What is Apache Kafka?
Apache Kafka is an open-source, distributed event streaming platform developed by LinkedIn and later open-sourced in 2011. It is primarily used for building real-time data pipelines and streaming applications. Kafka uses a publish-subscribe model and provides a durable messaging system that is highly scalable and fault-tolerant.
Key Characteristics:
- Asynchronous Communication: Multiple producers can send data to a topic while multiple consumers subscribe and consume data independently.
- Durability: Messages are stored on disk with a configurable time-to-live (TTL), allowing multiple consumers to process them independently.
- Ordering and Fault Tolerance: Kafka preserves the order of messages within a partition and replicates data across brokers.
Real-World Example:
In an e-commerce application:
- A payment service produces transaction records.
- A fraud detection service and a notification service consume the same topic to take appropriate actions (e.g., alerting or flagging transactions).
Kafka Architecture Overview
Kafka’s architecture revolves around a clustered environment composed of the following components:
1. Kafka Cluster
- A Kafka cluster consists of multiple Kafka Brokers (servers) managed centrally.
2. Kafka Broker
- A broker is responsible for storing data, handling producer and consumer requests, and replicating messages.

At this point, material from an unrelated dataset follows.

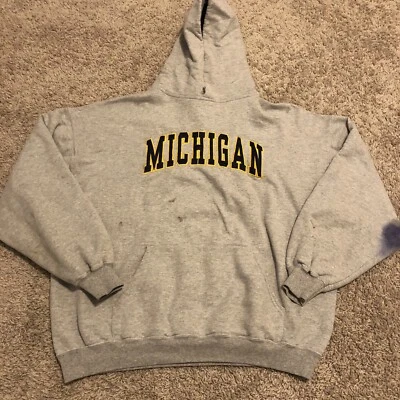 Michigan Wolverines Sweater Adult XL Gray Hoodie NCAA Basketball Mens B1 - Image 1 of 4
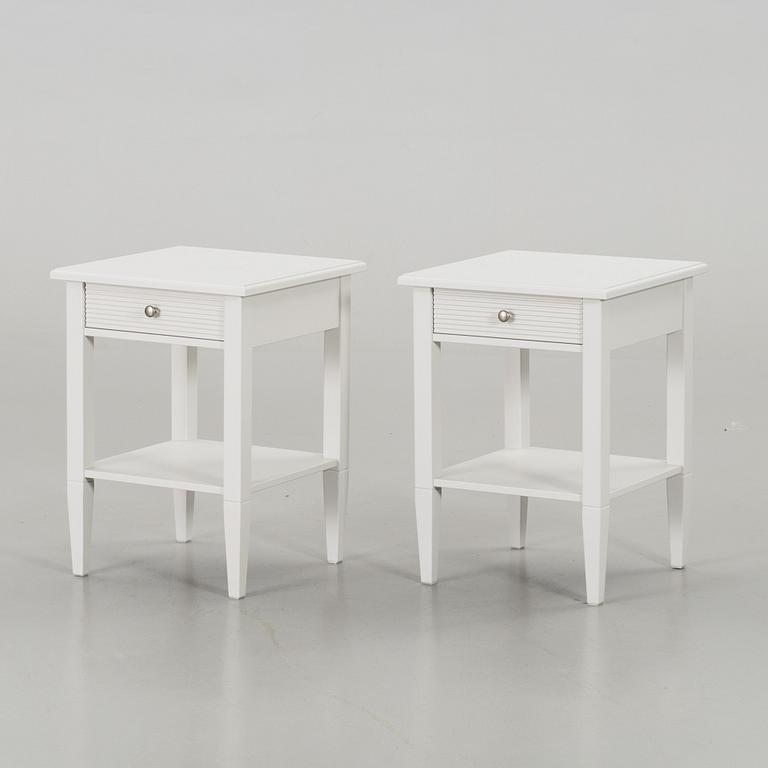 TWO BEDSIDE TABLES.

- One broker acts as the leader for a partition, while others act as followers.
3. Topics
- A topic is a logical channel to which records are published.
- Topics are split into multiple partitions to enable scalability.
4. Partitions
- Each partition is a sequence of records ordered and immutable.
- Kafka replicates partitions to ensure data availability.
Diagram: Kafka Topic Partitioning
+-------------+ +-------------+
Producer --> | Partition 0 | <-- | Consumer |
+-------------+ +-------------+
Producer --> | Partition 1 | <-- | Consumer |
+-------------+ +-------------+
5. Offset
- An offset is a unique ID for each message in a partition.
- Kafka uses offsets to track how much of the log a consumer has read.
6. Producers
- Producers create a ProducerRecord specifying:
- Topic (mandatory)
- Message content (mandatory)
- Partition, Key, Headers (optional)
7. Consumers
- Consumers subscribe to topics, process messages, and commit offsets.
- They may belong to Consumer Groups to distribute load.
8. Zookeeper
- Coordinates Kafka brokers
- Manages:
- Leader election
- Metadata (topics, partitions)
- Broker registration
Why Use Kafka?
1. Scalability
Kafka scales horizontally via more brokers and partitions.
2. Durability
Messages remain even after consumption (until TTL), allowing for multi-subscriber models.
3. Real-Time Processing
Kafka enables low-latency streaming due to fast disk-based log reads and offset management.
4. High Throughput
Kafka can handle millions of messages per second, making it ideal for high-traffic scenarios.
5. Retention Policy
Kafka retains data for a configurable period, ensuring availability even during consumer outages.
6. Dynamic Configuration
Topics and partitions can be dynamically updated.
7. Open Source
Strong community support and wide adoption by companies like LinkedIn, Netflix, Uber, etc.
Role of Zookeeper in Kafka
Zookeeper acts as a central coordinator for the Kafka cluster.
Responsibilities:
- Leader Election: Chooses a broker as partition leader in case of failure.
- Broker Registration: Maintains list of active brokers.
- Metadata Management: Maintains topic-partition mappings.
- Consumer Group Management: Tracks offsets for recovery.
- Health Monitoring: Checks broker status and triggers elections when needed.
Kafka Without Zookeeper
Kafka Evolution:
- Prior to Kafka 2.8.0, Zookeeper was mandatory.
- Post 2.8.0, KIP-500 initiative allows running Kafka without Zookeeper.
Benefits:
- Simplified architecture
- Fewer moving parts
- Improved performance and reliability
Current Status:
- Kafka 4.x is expected to be fully Zookeeper-free, but this is still in development and not yet production-ready.
Diagram: Kafka Evolution Without Zookeeper
[Old Architecture] [New Architecture] Kafka <--> Zookeeper => Kafka (Self-managed metadata)
Summary Table
| Component | Description |
|---|---|
| Producer | Publishes messages to topics |
| Consumer | Subscribes to topics and processes messages |
| Broker | Kafka server handling requests and data storage |
| Topic | Logical channel for messages |
| Partition | Unit of parallelism and ordering within a topic |
| Offset | Unique ID per message per partition |
| Zookeeper | Cluster coordinator (until 2.8) |